Slade Justin J, Ambrosy Andrew P, Leong Thomas K, Sung Sue Hee, Garcia Elisha A, Ku Ivy A, Solomon Matthew D, McNulty Edward J, Rassi Andrew N, Lange David C, Philip Femi, Go Alan S, Mishell Jacob M
Department of Cardiology, Kaiser Permanente San Francisco Medical Center, San Francisco, California, USA.
Division of Research, Kaiser Permanente Northern California, Oakland, California, USA.
Struct Heart. 2023 Mar 21;7(4):100166. doi: 10.1016/j.shj.2023.100166. eCollection 2023 Jul.
Transcatheter aortic valve replacement (TAVR) may be used to urgently or emergently treat severe aortic stenosis, but outcomes for this high-risk population have not been well-characterized. We sought to describe the incidence, clinical characteristics, and outcomes of patients undergoing urgent or emergent vs. elective TAVR.
We identified all adults who received TAVR for primary aortic stenosis between 2013 and 2019 within an integrated health care delivery system in Northern California. Elective or urgent/emergent procedure status was based on standard Society of Thoracic Surgeons definitions. Data were obtained from electronic health records, the Society of Thoracic Surgeons-American College of Cardiology Transcatheter Valve Therapy Registry, and state/national reporting databases. Logistic regression and Cox proportional hazard models were performed.

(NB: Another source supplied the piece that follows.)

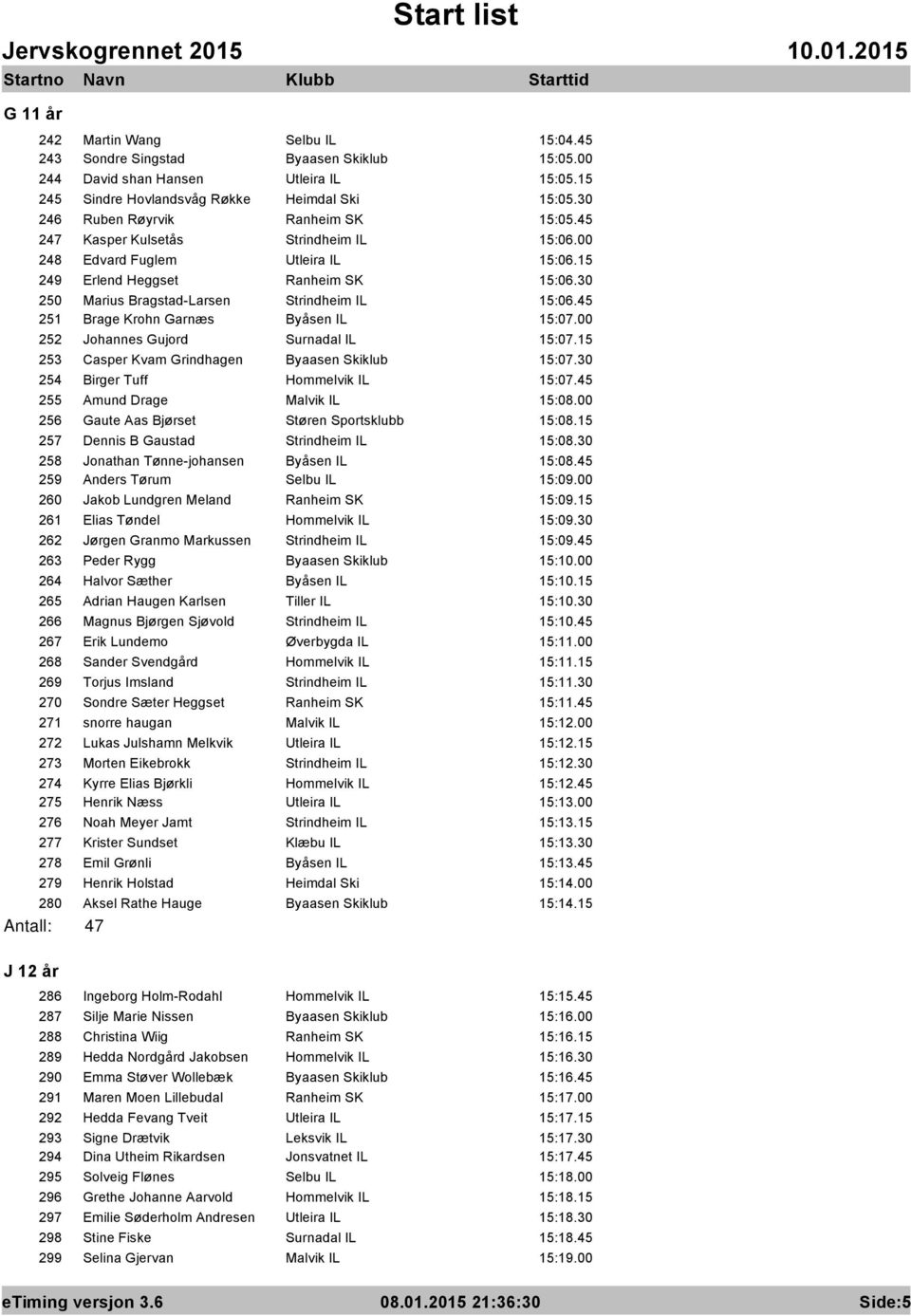 30 250 Marius Bragstad-Larsen Strindheim IL 15:06.45 251 Brage Krohn Garnæs Byåsen IL 15:07.00 252 Johannes Gujord Surnadal IL 15:07.15 253 Casper Kvam Grindhagen Byaasen Skiklub 15:07.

Among 1564 eligible adults that underwent TAVR, 81 (5.2%) were classified as urgent/emergent. These patients were more likely to have heart failure (63.0% vs. 47.4%), reduced left ventricular ejection fraction (21.0% vs. 11.8%), or a prior aortic valve balloon valvuloplasty (13.6% vs. 5.0%) and experienced higher unadjusted rates of 30-day and 1-year morbidity and mortality. Urgent/emergent TAVR status was independently associated with non-improved quality of life at 30-days (hazard ratio, 4.87; < 0.01) and acute kidney injury within 1-year post-TAVR (hazard ratio, 2.11; = 0.01). There was not a significant difference in adjusted 1-year mortality with urgent/emergent TAVR.
Urgent/emergent TAVR status was uncommon and associated with high-risk clinical features and higher unadjusted rates of short- and long-term morbidity and mortality. Procedure status may be useful to identify patients less likely to experience significant short term improvement in health-related quality of life post-TAVR.
经导管主动脉瓣置换术(TAVR)可用于紧急或急诊治疗严重主动脉瓣狭窄,但这一高危人群的治疗效果尚未得到充分描述。我们试图描述接受紧急或急诊TAVR与择期TAVR患者的发生率、临床特征及治疗效果。
我们确定了2013年至2019年期间在北加利福尼亚州一个综合医疗保健系统内因原发性主动脉瓣狭窄接受TAVR的所有成年人。择期或紧急/急诊手术状态基于胸外科医师协会的标准定义。数据来自电子健康记录、胸外科医师协会-美国心脏病学会经导管瓣膜治疗注册中心以及州/国家报告数据库。进行了逻辑回归和Cox比例风险模型分析。
在1564例接受TAVR的符合条件的成年人中,81例(5.2%)被归类为紧急/急诊。这些患者更有可能患有心力衰竭(63.0%对47.4%)、左心室射血分数降低(21.0%对11.8%)或既往有主动脉瓣球囊瓣膜成形术(13.6%对5.0%),并且30天和1年的发病率和死亡率未经调整的发生率更高。紧急/急诊TAVR状态与30天时生活质量未改善(风险比,4.87;<0.01)以及TAVR后1年内急性肾损伤(风险比,2.11;=0.01)独立相关。紧急/急诊TAVR调整后的1年死亡率没有显著差异。
紧急/急诊TAVR状态并不常见,且与高危临床特征以及短期和长期发病率和死亡率的较高未调整发生率相关。手术状态可能有助于识别TAVR后健康相关生活质量不太可能在短期内显著改善的患者。